Wednesday, March 24, 2010

*Notes From The Old Home Town- In The Time Of The Jock- The Big Football Rally, Circa 1963

Click on the headline to link to a "YouTube" film clip of the film "The Last Picture Show" that evokes the sense of teen liff back in the days of the entry below, although it is about a decade earlier in time in the 1950s and in dust-blown Texas.

Markin comment:

Not all the entries in this space are connected to politics, although surely most of them can be boiled down into some political essence, if you try hard enough. The following is one of those instances where trying to gain any “political traction”, or as I am fond of saying drawing any “lessons” would be foolhardy. I should also note that this entry is part of a continuing, if sporadic, series of “trips down memory lane” provoked by a fellow high school classmate who has been charged with keeping tabs on old classmates and their doings, even those of old-line communists like this writer. Go figure?


The "Big Night" Thanksgiving Eve Football Rally, Circa 1963

Scene: Around and inside the old high school gym the night before the big Thanksgiving Day game against our cross town arch-rival in 1963, but it could have been a scene from any one of number of years in those days.

Guys and gals, old and young, students and alumni are milling about for the annual gathering of the Red Raider clan. Every unattached boy student, in addition, looking around to see if she has come for the festivities, and every unattached girl student for he. A couple of fervent quasi-jock male students, one of them writing this entry, members of the Class of 1964, with a vested interest in seeing their football-playing fellow classmates pummel the cross town rival are in attendance, and also in the hunt for those elusive shes. This is the final football game of their final football- watching season, as students, as well so they have brought extra energy to the night’s performance.

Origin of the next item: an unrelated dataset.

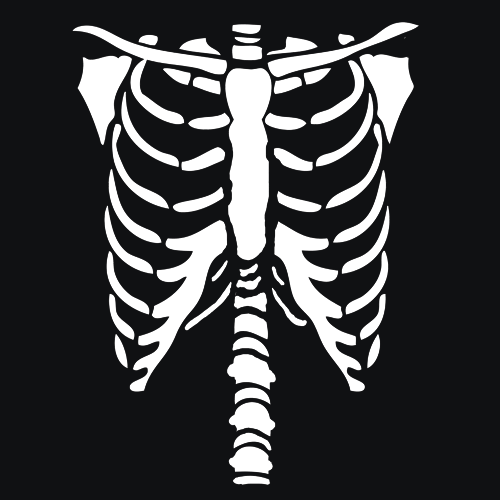 Halloween Skeleton T-Shirt Costume - Textual Tees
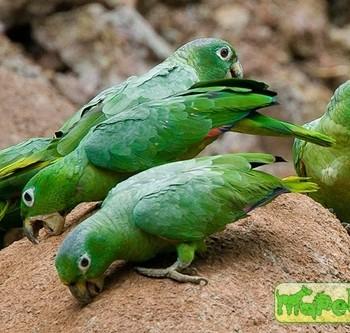 Amazona farinosa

Finally, after much hubbub the rally begins, at first somewhat subdued due to the very recent trauma of the Kennedy assassination, the murder of one of our own as well as a president. But everyone, seemingly, has tacitly agreed for this little window of time that the outside world and its horrors will not intrude. A few obligatory (and forgettable) speeches follow with a little of this and that, mainly side show antics. But what every red-blooded senior boy, and probably others as well, is looking forward to is the cheer-leading to get things moving, led by the senior girls like the vivacious Roxanne G., the spunky Josie W., and the plucky Linda P.. They do not fail us with their flips, dips, and rah-rahs. Strangely, the band and its bevy of majorettes do not inspire that same kind of devotion, although no one can deny that some of those girls can twirl.

But all this spectacle is so much, too much, introduction. For what is wanted, up close and personal, is a view of the Goliaths that will run over the cross town arch-rival the next day. The season has been excellent, marred only by a bitter lost to a bigger area team on their home field, and our team is highly regarded by lukewarm fans and sports nuts alike. Naturally, in the spirit, if not the letter of high school athletic ethos, the back ups and non-seniors are introduced by Coach L.. Then come the drum roll of the senior starters, some of whom have been playing for an eternity it seems. Names like Tom K., Walt S., Lee M., Paul D., Joe Z., Don McN., Jim F., Charlie McD., Stevie C., "Woj" (Jesus, don’t forget him. I don't need that kind of madness coming down on my face, even now) and on and on.

Oh, yes and “Bullwinkle”, Bill C., a behemoth of a run-over fullback ,even by today’s standards. Yes, let him loose on that arch-rival's defense. Whoa. But something is missing. The crowd needs an oral reassurance from their warriors that the enemy is done for. And as he ambles up to the microphone and says just a couple of words we get that reassurance from “Bullwinkle” himself. That is all we need. Boys and girls, this one is in the bag. And the band plays the school fight song to the tune of “On Wisconsin”. Yes, those were the days when boys and girls, young and old, wise or ignorance bled Raider red in the old town. Do they still do so today? I hope so.